- WORK TASK:
Beginning with the line below that contains "Swix Performance Knit Beanie" and ending with the line that contains "Học sinh lớp", copy every line exactly. Copy nothing else.

[[ RECORDED DATA, beginning ]]

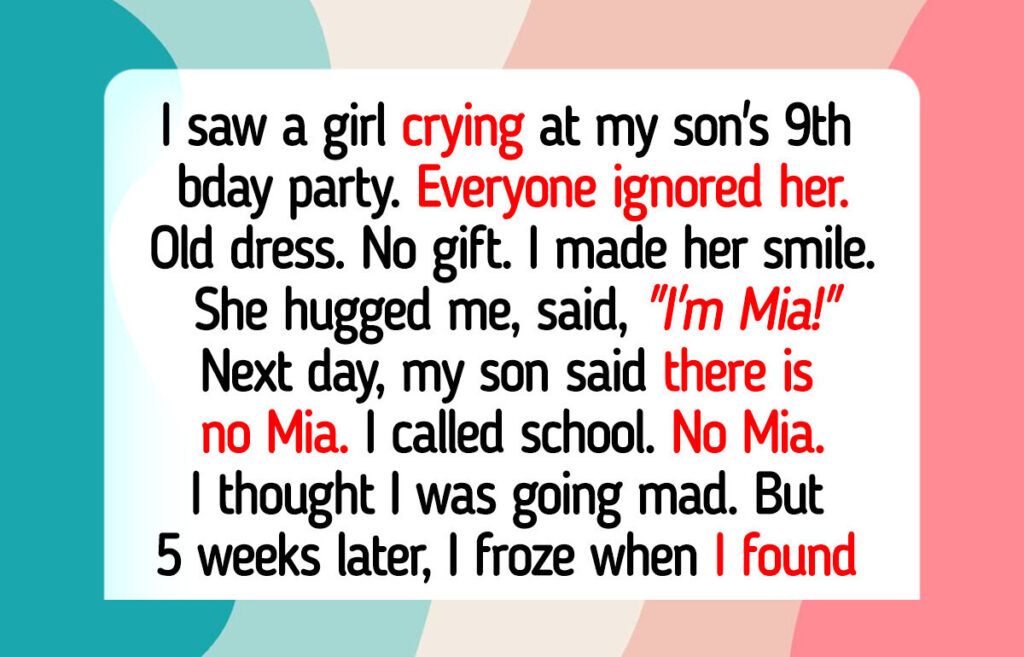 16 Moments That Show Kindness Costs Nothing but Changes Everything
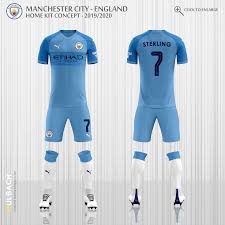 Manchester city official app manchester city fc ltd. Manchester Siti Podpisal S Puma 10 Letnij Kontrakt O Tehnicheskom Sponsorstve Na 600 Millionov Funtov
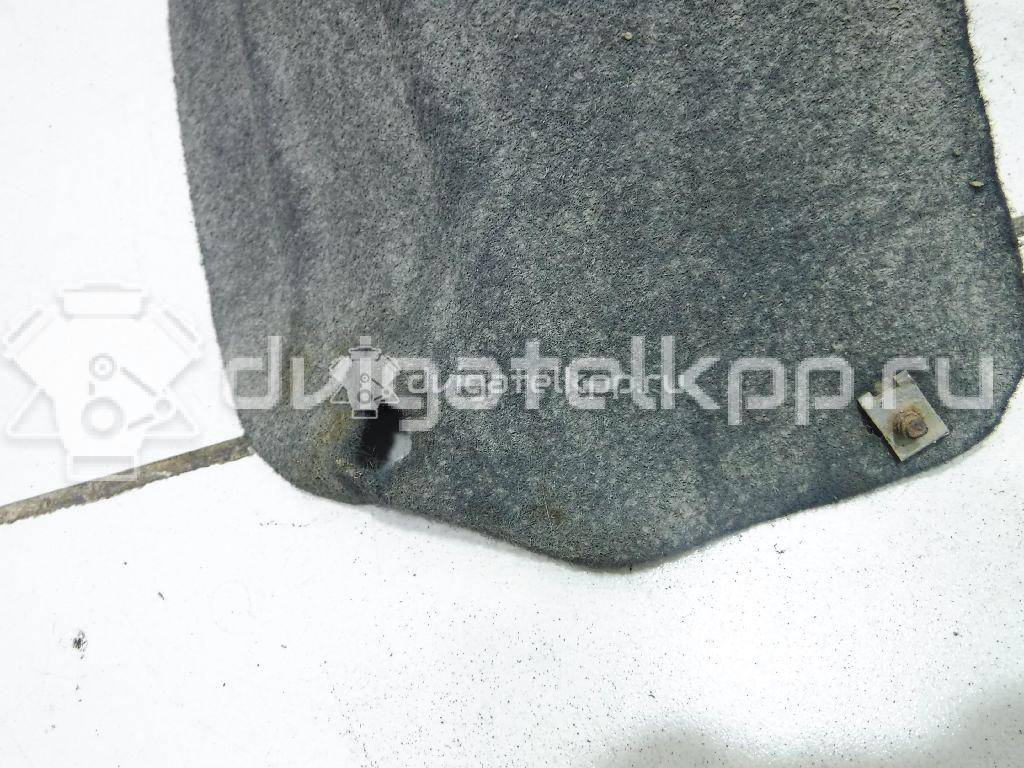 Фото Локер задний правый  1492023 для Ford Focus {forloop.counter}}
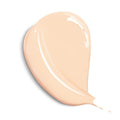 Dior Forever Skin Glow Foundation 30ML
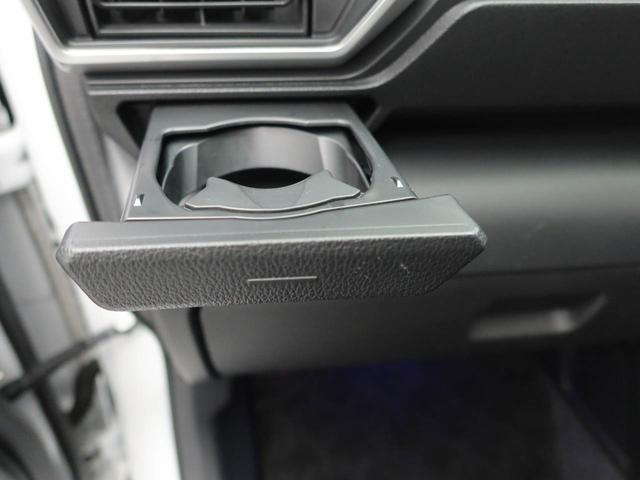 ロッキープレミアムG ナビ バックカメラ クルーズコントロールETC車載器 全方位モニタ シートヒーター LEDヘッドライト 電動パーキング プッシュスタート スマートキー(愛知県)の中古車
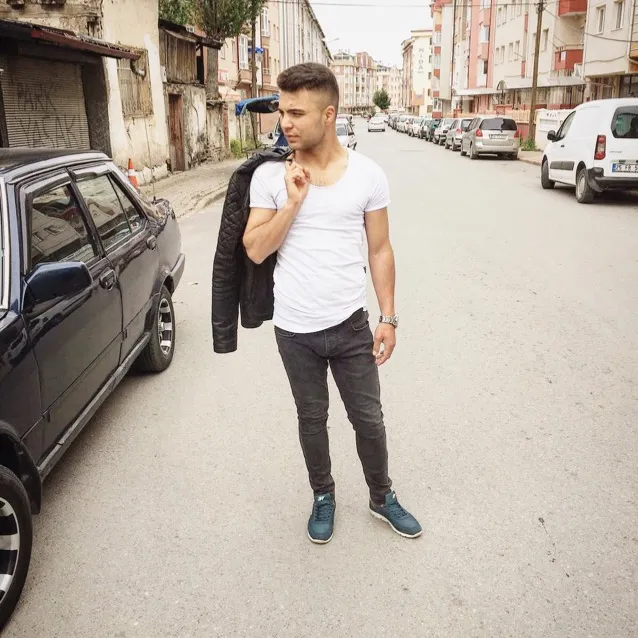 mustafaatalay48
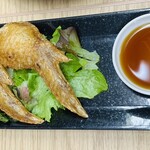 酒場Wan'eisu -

[[ RECORDED DATA, end ]]
[[ RECORDED DATA, beginning ]]

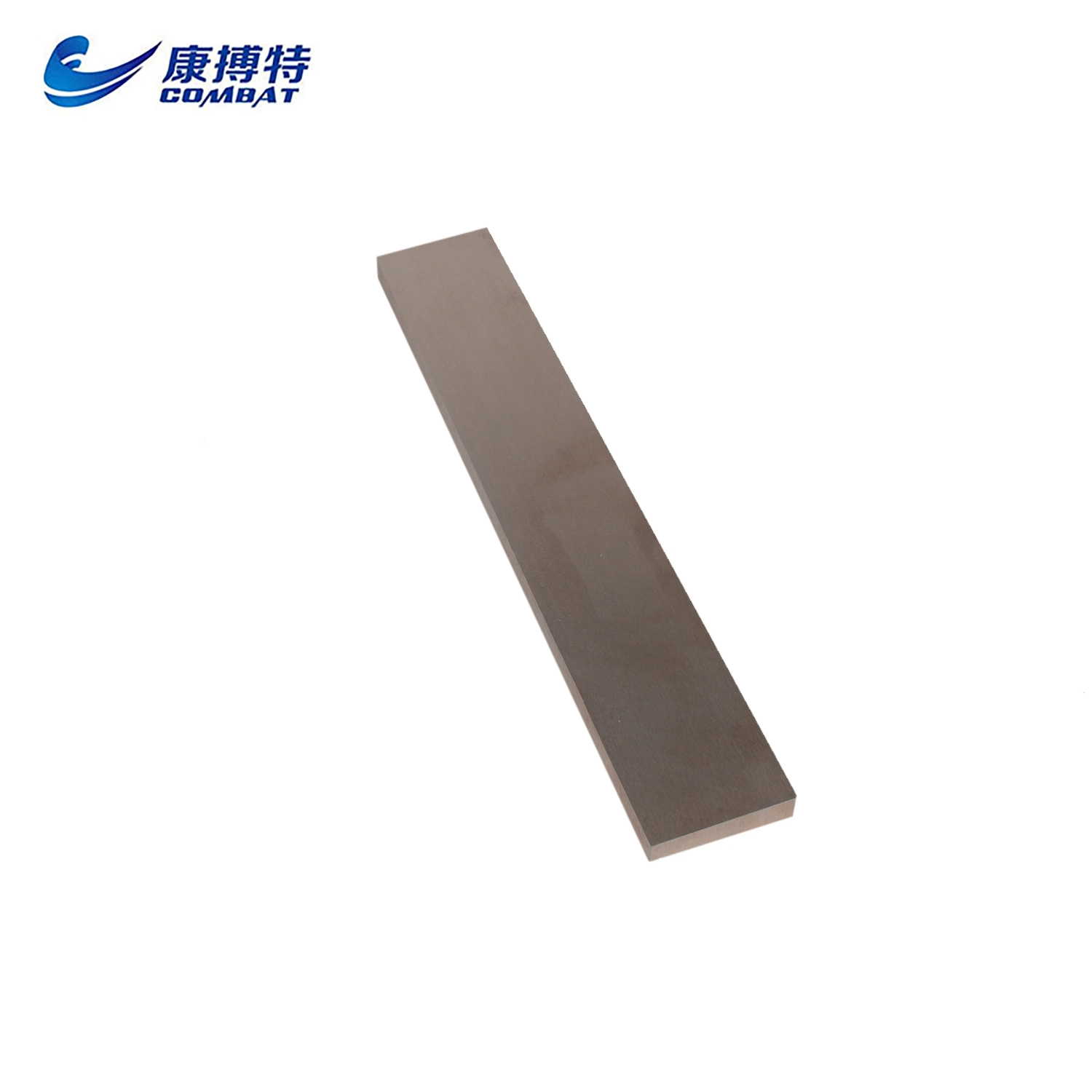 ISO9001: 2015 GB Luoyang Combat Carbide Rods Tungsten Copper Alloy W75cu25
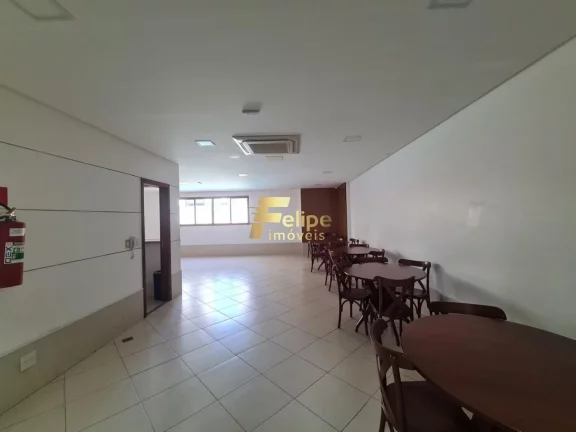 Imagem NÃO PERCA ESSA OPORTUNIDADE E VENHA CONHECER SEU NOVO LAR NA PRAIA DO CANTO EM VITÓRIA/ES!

[[ RECORDED DATA, end ]]
[[ RECORDED DATA, beginning ]]

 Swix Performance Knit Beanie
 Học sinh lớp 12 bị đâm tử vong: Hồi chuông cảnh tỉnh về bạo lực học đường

[[ RECORDED DATA, end ]]

- OUTPUT:
 Swix Performance Knit Beanie
 Học sinh lớp 12 bị đâm tử vong: Hồi chuông cảnh tỉnh về bạo lực học đường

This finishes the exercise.